I have about 10 NFS mounts, and my machine hangs on boot with the above printouts.

To work around this, and boot into X so I can log in, I can enter the recovery shell, do "mount -a", and exit the recovery shell.

This enables me to boot into X. I still cannot access my virtual text consoles after this; I assume that the boot process is still waiting for something else...

Revision history for this message
Alvin (alvind) wrote : Re: [Bug 504224] Re: Inconsistent error message: Filesystem could not be mounted

On Thursday 07 January 2010 14:47:33 Johan Walles wrote:
> For clarification, if this is the same thing I'm having it's preventing
> my machine from booting.

This bug is only about the error messages. They are the same and that makes it
difficult to know what is going on. (However, I do have a lot of machines that
suffer from the same problem as yours and can't boot.)

> I have about 10 NFS mounts, and my machine hangs on boot with the above
> printouts.
>
> To work around this, and boot into X so I can log in, I can enter the
> recovery shell, do "mount -a", and exit the recovery shell.

The same is the case on my servers.
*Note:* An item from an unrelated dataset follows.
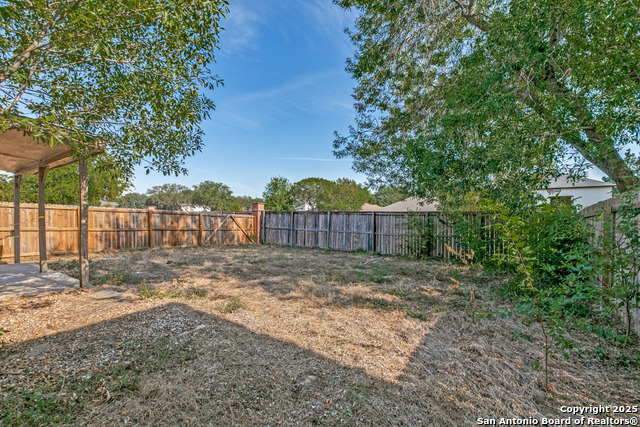 1210 Crossing Oaks Property Photo 22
I think the problem you describe is caused
by bug #470776. The situation is not very consistent. Some machines simply
can't boot and others boot, but don't mount NFS. Still others (like the
example) do boot and mount the shares, but tell me it didn't work. (That's
what this bug is about.) There is also bug #431248 with some discussion, but
that one is considered fixed.

> This enables me to boot into X. I still cannot access my virtual text
> consoles after this; I assume that the boot process is still waiting for
> something else...

That might be something else, like a problem with the video driver.

Revision history for this message
Johan Walles (walles) wrote : Re: Inconsistent error message: Filesystem could not be mounted

I'm probably suffering from bug 470776, thanks for the reference! It has been fixed for Lucid, but I filed bug 504271 about getting it fixed for Karmic as well. Unattended boots would be nice.
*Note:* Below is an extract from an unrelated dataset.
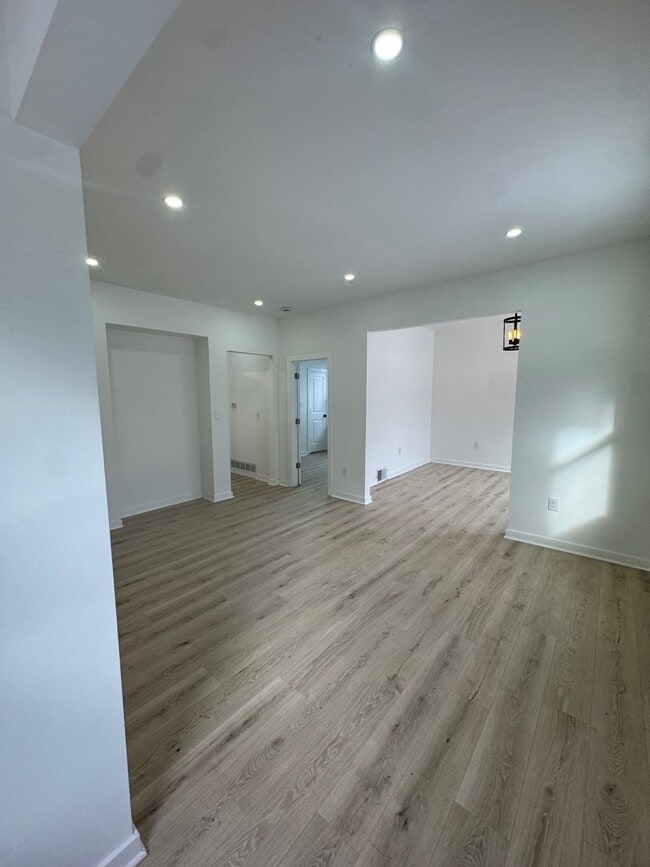 Building Photo - 3457 N 2nd St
My text consoles work "fine", they just don't have any login prompts. So it's probably not video driver related. Since the whole boot process has more or less broken down for me with Karmic, I tend to blame it for everything...

OT: I have also revived bug 466693 about the really slow boot process in Karmic.

Alvin (alvind)
tags: added: ubuntu-boot-experience
tags: added: boot-experience
removed: ubuntu-boot-experience
tags: added: ubuntu-boot-experience
removed: boot-experience
Revision history for this message
Nikolaus Rath (nikratio) wrote :

Note that you can get around the recovery shell by using the "nobootwait" option it /etc/fstab for /home.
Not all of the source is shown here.